Was können Angehörige tun?

Wichtig ist, Anzeichen oder Andeutungen ernst zu nehmen und Betroffene darauf anzusprechen. Manche Angehörige scheuen das, weil sie vermuten, dass die Frage nach dem Gefühlszustand die Betroffenen in ihren Suizidabsichten bestärken könnte. Das sei nicht der Fall, sagt Schlang: "Im Gegenteil, viele Betroffene verspüren ein Gefühl der Erleichterung, wenn sie über ihre Gedanken und Gefühle sprechen können. Sie wissen dann, dass sie nicht allein sind."

Wie sollten Angehörige auf Betroffene zugehen?

"Man sollte aufmerksam zuhören: fragen statt sagen", rät Schlang. Sinnvoll sei, die Formulierungen des Betroffenen aufzugreifen und beispielsweise zu sagen: "Du hast geäußert, dass du keinen Ausweg mehr siehst, das macht mir Sorgen."

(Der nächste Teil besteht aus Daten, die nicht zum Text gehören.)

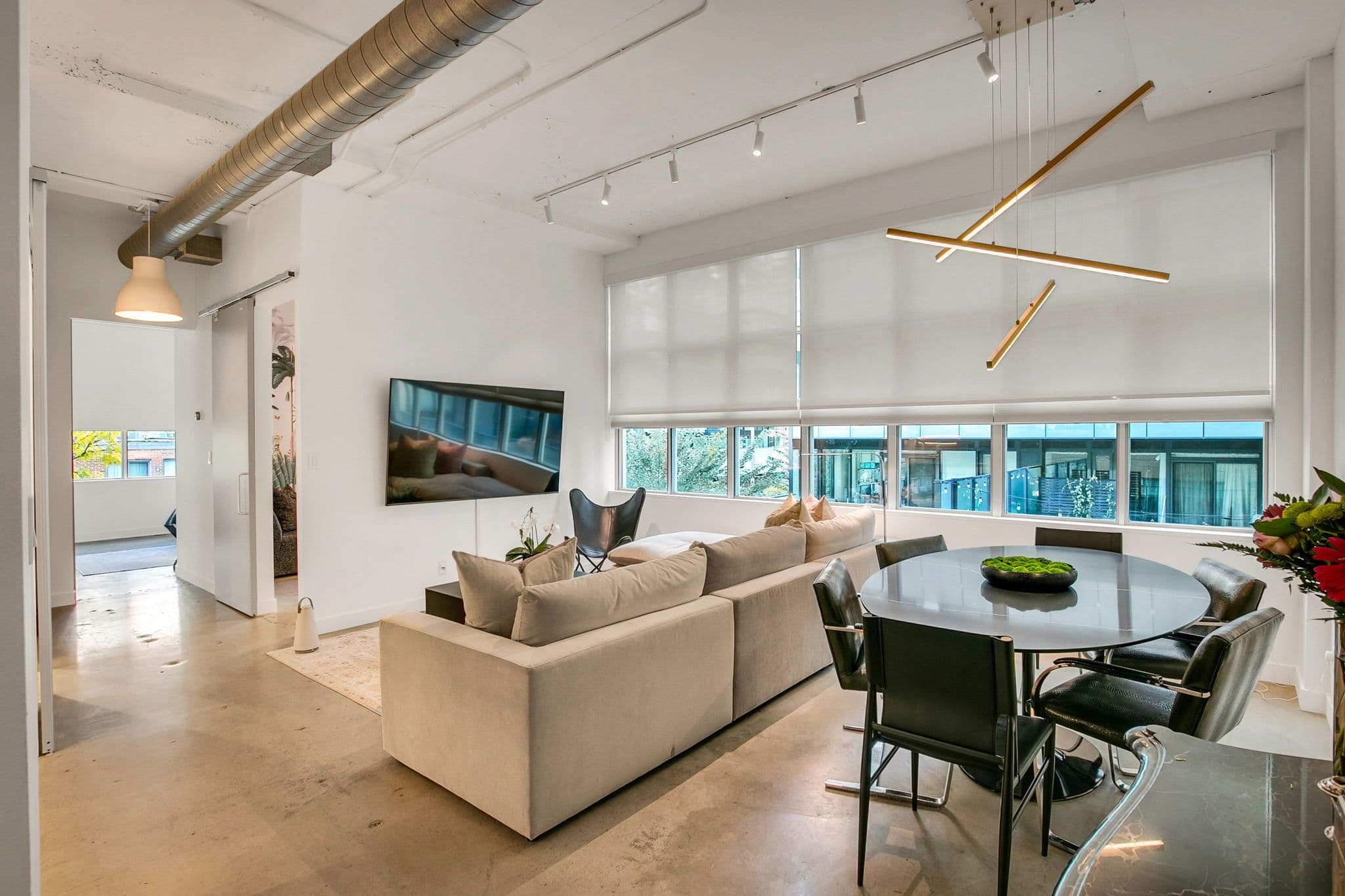 188 Eglinton Avenue E 306, Toronto C10, ON M4P 2X7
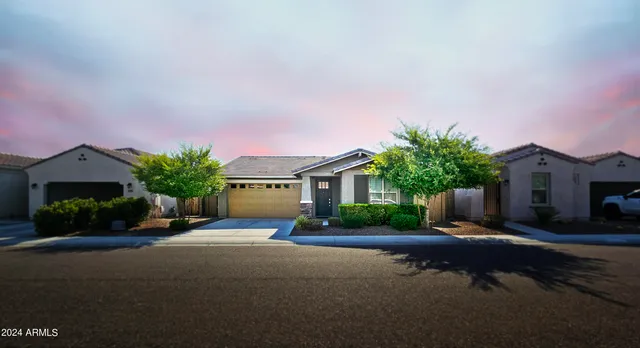$2,600 | 4536 North 93rd Drive, Phoenix, AZ 85037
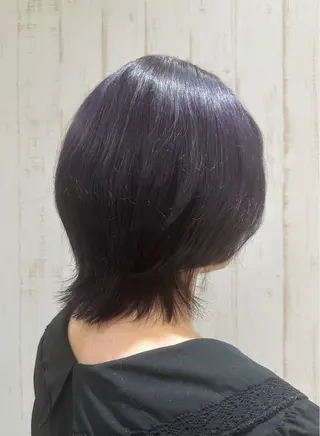 ショート カラー Moe by aria所属・飯田 冴のヘアスタイル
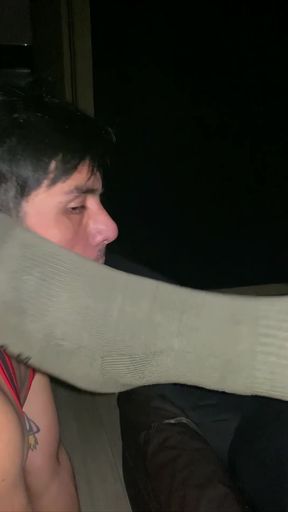 Deepthroat and Obedience FeetTest Pt.1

Daneben empfiehlt sie, Betroffene zu fragen, wie akut sie ihren Handlungsdruck empfinden. Mit Fragen wie "Kannst du dir noch ein bisschen Zeit geben, um einen anderen Ausweg aus der Krise zu finden?" könnten Angehörige signalisieren, dass sie der Überzeugung sind, dass es eine andere Lösung als die Selbsttötung gibt, und Betroffene dazu bewegen, ihre Absichten zu überdenken.

Äußerst wichtig ist außerdem, Betroffene zu motivieren, professionelle Hilfe in Anspruch zu nehmen - auch wenn das oft eine große Herausforderung ist. Im Zweifel sollten Angehörige auch Verantwortung übernehmen und Betroffene zum Arzt oder in eine Klinik begleiten, rät die Deutsche Depressionshilfe.

Welche Hilfsangebote gibt es?

Wer an Suizid denkt oder glaubt, jemanden zu kennen, sollte sich schnell Hilfe suchen. Es gibt ein breites Angebot an Hilfen, das von ambulanten Angeboten und anonymer Beratung per Telefon oder online bis hin zu stationären Therapien reicht. Die Deutsche Gesellschaft für Suizidprävention hat folgende Hilfsangebote zusammengestellt:

  • Telefonseelsorge: Unter den Telefonnummern 0800/111 0 111 und 0800/111 0 222 können Betroffene und deren Angehörige rund um die Uhr anonym Hilfe suchen - kostenfrei und bundesweit. Die Telefonseelsorge bietet auch Unterstützung per E-Mail und Chat sowie im persönlichen Gespräch über ihre derzeit 27 Beratungsstellen.
  • Sozialpsychiatrische Dienste: In jeder Stadt und Gemeinde können sich Hilfesuchende an einen Sozialpsychiatrischen Dienst wenden. Die Mitarbeiter beraten und vermitteln bei Bedarf weitere Hilfe. Die Dienste sind meist den Gesundheitsämtern zugeordnet. Kontaktdaten wie Adresse und Telefonnummer erhält man über das kommunale Amt.
  • Deutscher Kinderschutzbund: Der DKSB betreibt zwei kostenlose und bundesweit erreichbare Hotlines: das Elterntelefon unter 0800/111 0 550 sowie das Kinder- und Jugendtelefon unter 0800/111 0 333. Zu festgelegten Zeiten beraten Mitarbeiter Eltern und Nachwuchs zu Sorgen aller Art.
  • Deutschen Depressionshilfe: Über die Webseite kann man je nach Ort nach Krisendiensten und Beratungsstellen suchen. In Notfällen sollte man jedoch immer den Notruf unter 112 anwählen.

Was ist, wenn jemand partout Hilfe verweigert und Angehörige Angst haben, dass die Person akut gefährdet ist?

"Wenn ein Mensch unmittelbar von Suizid bedroht ist, er aber in keiner Weise mehr über ein Gespräch erreichbar ist und nicht bereit ist, gemeinsam Hilfe aufzusuchen, so sollte zu seinem Schutz der Notarzt verständigt werden", schreibt die Deutsche Depressionshilfe. Der Betroffene sollte bis zum Eintreffen des Arztes nicht allein gelassen werden.